Recorded data section start

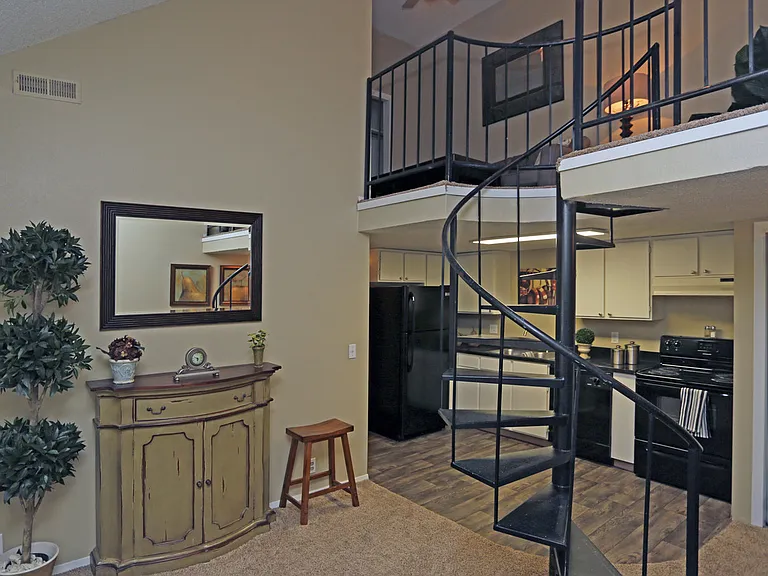 Layton Meadows Apartments — Photo 33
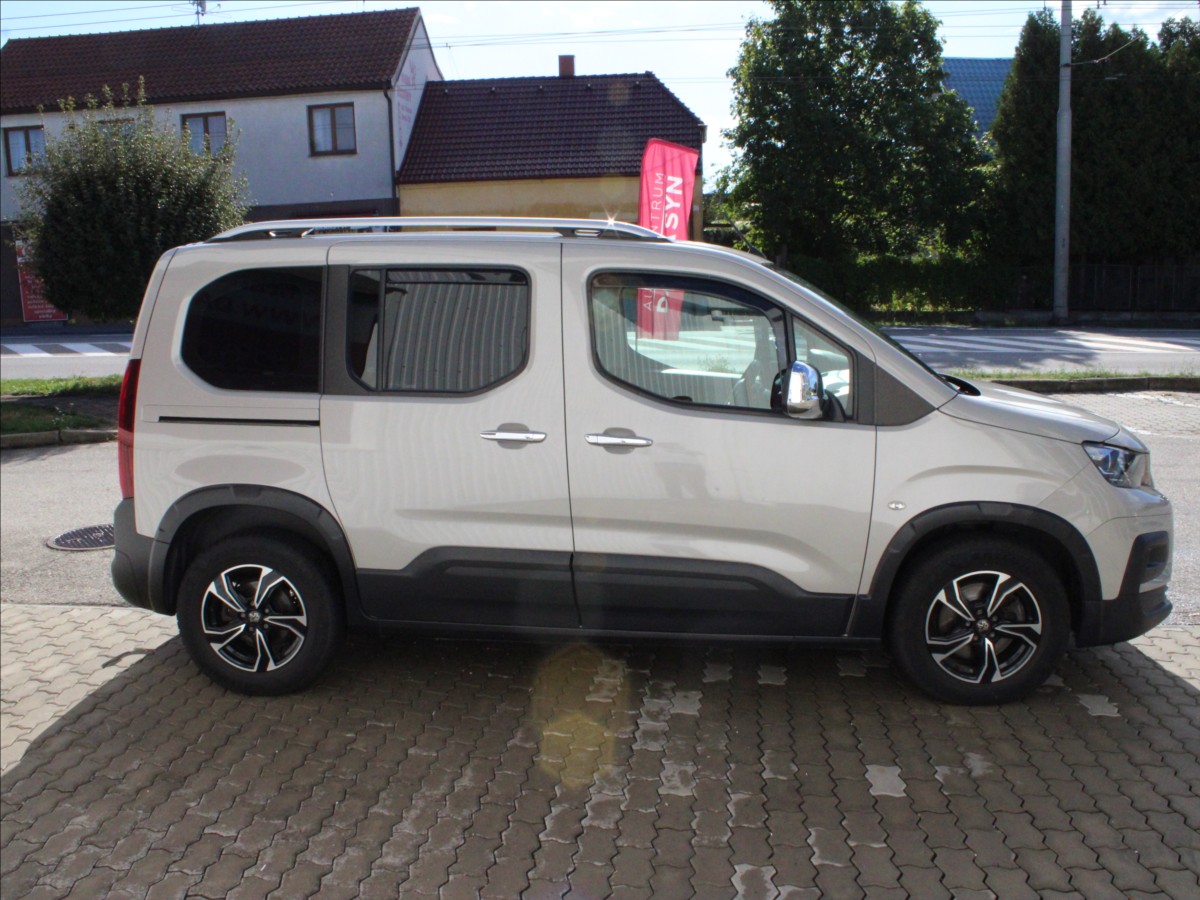 peugeot-rifter-1-5-hdi-allure-cz - 2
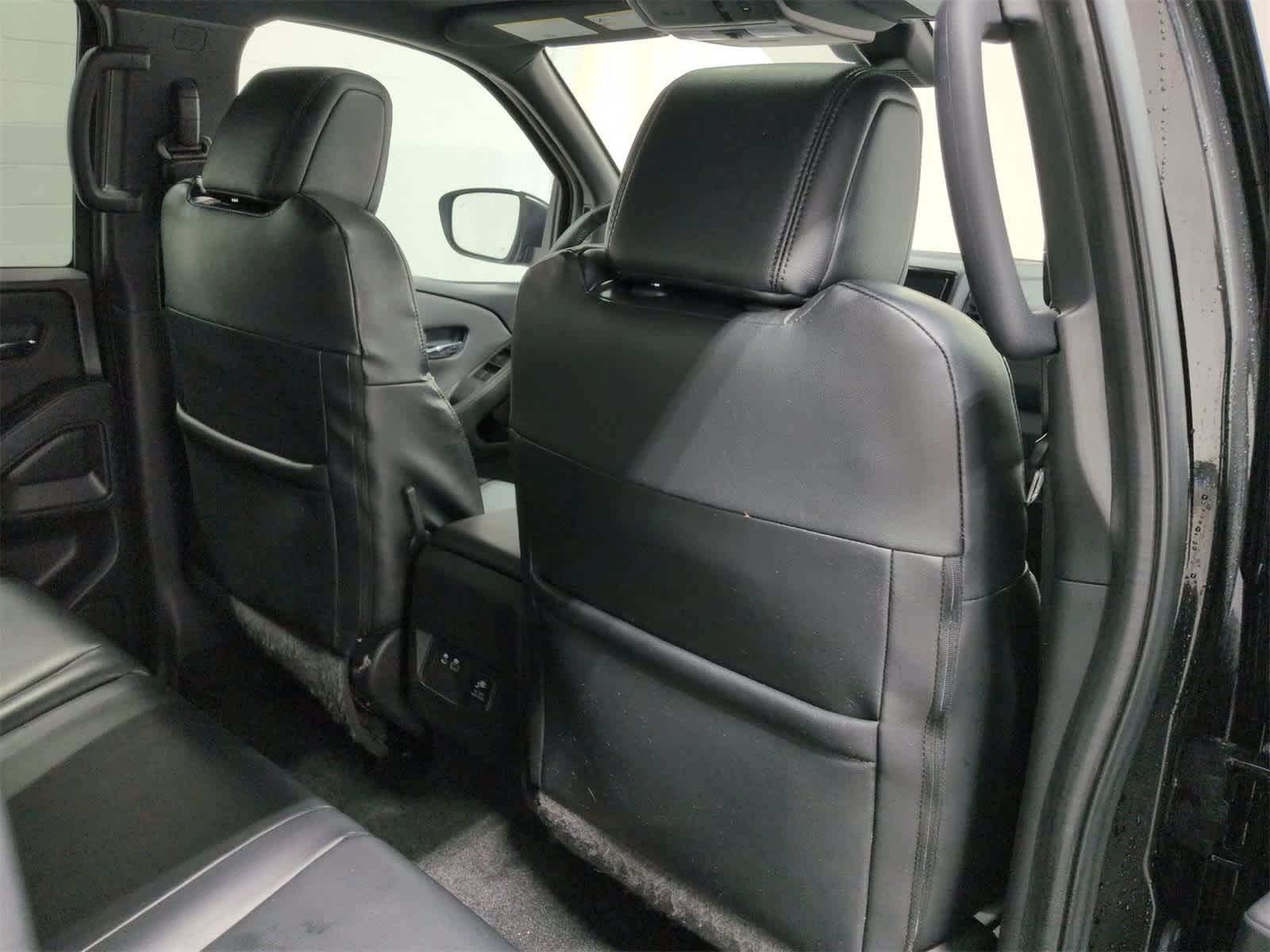 Thumbnail: 2022 Nissan Frontier - 19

Recorded data section end

= Exercise description =
Return the whole listing word for word, minus its pictures.

= Solution to the problem =
 Layton Meadows Apartments — Photo 33
 peugeot-rifter-1-5-hdi-allure-cz - 2
 Thumbnail: 2022 Nissan Frontier - 19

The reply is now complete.